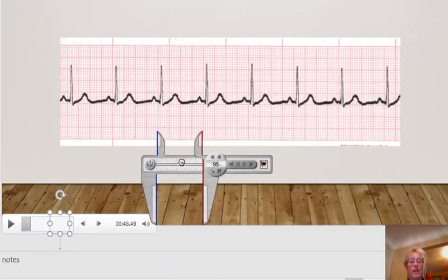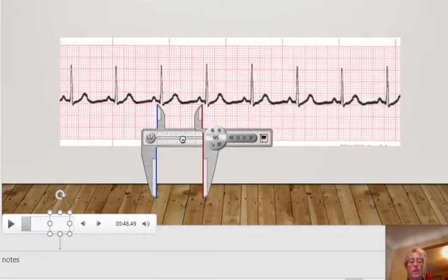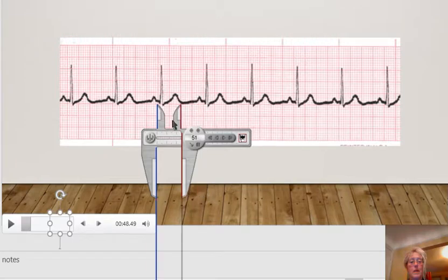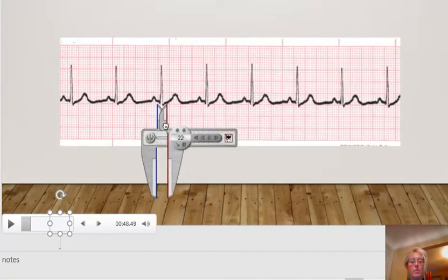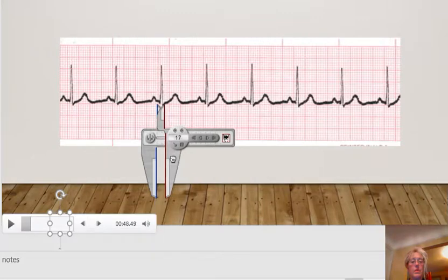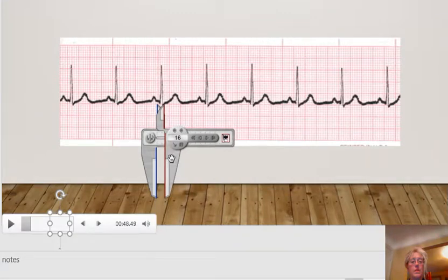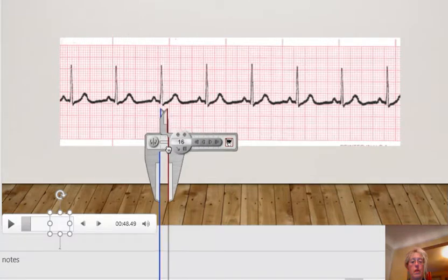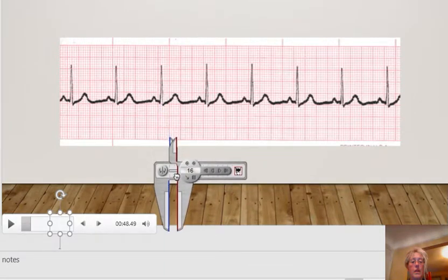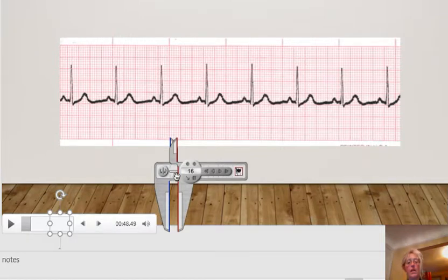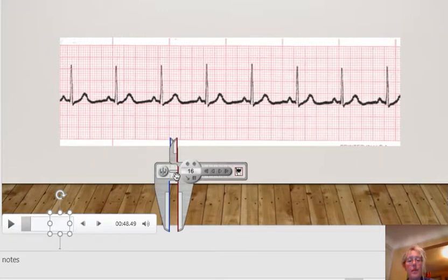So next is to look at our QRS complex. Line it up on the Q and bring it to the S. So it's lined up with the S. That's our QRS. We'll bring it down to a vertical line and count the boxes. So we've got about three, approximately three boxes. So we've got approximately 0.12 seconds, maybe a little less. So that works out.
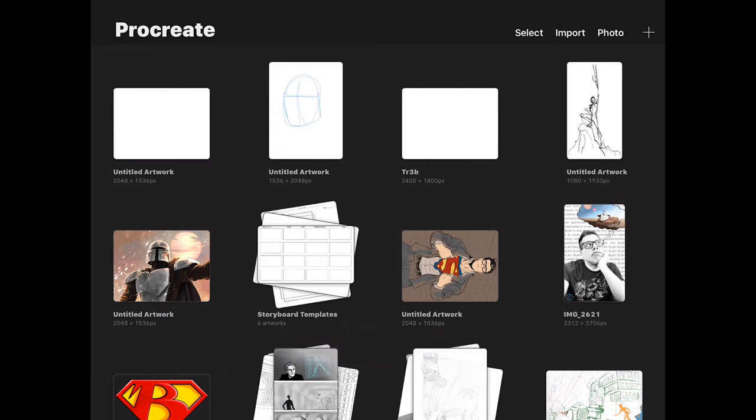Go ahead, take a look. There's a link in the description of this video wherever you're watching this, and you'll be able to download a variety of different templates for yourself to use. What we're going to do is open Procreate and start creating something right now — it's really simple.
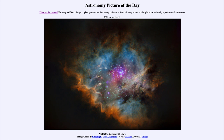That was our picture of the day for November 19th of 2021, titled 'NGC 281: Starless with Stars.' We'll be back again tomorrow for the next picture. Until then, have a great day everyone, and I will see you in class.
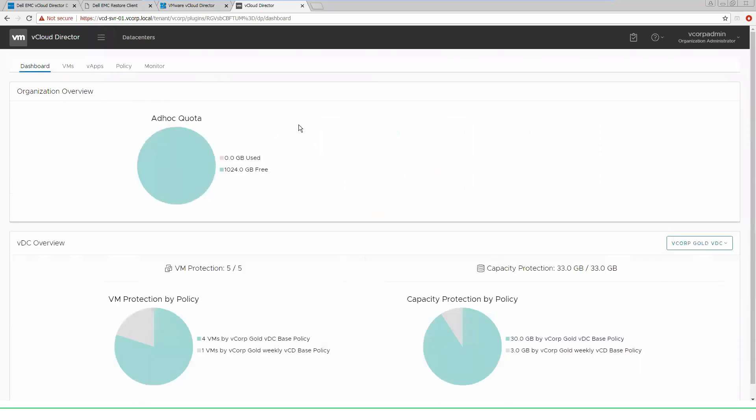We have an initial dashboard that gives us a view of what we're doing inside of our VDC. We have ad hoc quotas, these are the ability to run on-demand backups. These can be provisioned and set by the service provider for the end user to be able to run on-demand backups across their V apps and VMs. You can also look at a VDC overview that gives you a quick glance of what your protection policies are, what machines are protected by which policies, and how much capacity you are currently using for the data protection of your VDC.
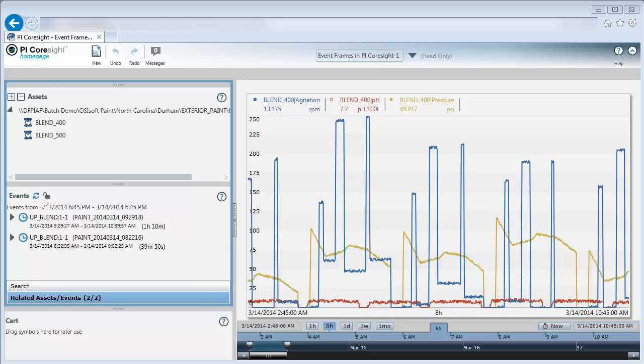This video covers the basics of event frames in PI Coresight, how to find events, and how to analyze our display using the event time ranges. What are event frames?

AIM OF THE EXERCISE
None of the pictures should appear; the rest of the entries must be reproduced exactly.

EXPECTED ANSWER
So next is to look at our QRS complex. Line it up on the Q and bring it to the S. So it's lined up with the S. That's our QRS. We'll bring it down to a vertical line and count the boxes. So we've got about three, approximately three boxes. So we've got approximately 0.12 seconds, maybe a little less. So that works out.
Go ahead, take a look. There's a link in the description of this video wherever you're watching this, and you'll be able to download a variety of different templates for yourself to use. What we're going to do is open Procreate and start creating something right now — it's really simple.
That was our picture of the day for November 19th of 2021, titled 'NGC 281: Starless with Stars.' We'll be back again tomorrow for the next picture. Until then, have a great day everyone, and I will see you in class.
We have an initial dashboard that gives us a view of what we're doing inside of our VDC. We have ad hoc quotas, these are the ability to run on-demand backups. These can be provisioned and set by the service provider for the end user to be able to run on-demand backups across their V apps and VMs. You can also look at a VDC overview that gives you a quick glance of what your protection policies are, what machines are protected by which policies, and how much capacity you are currently using for the data protection of your VDC.
This video covers the basics of event frames in PI Coresight, how to find events, and how to analyze our display using the event time ranges. What are event frames?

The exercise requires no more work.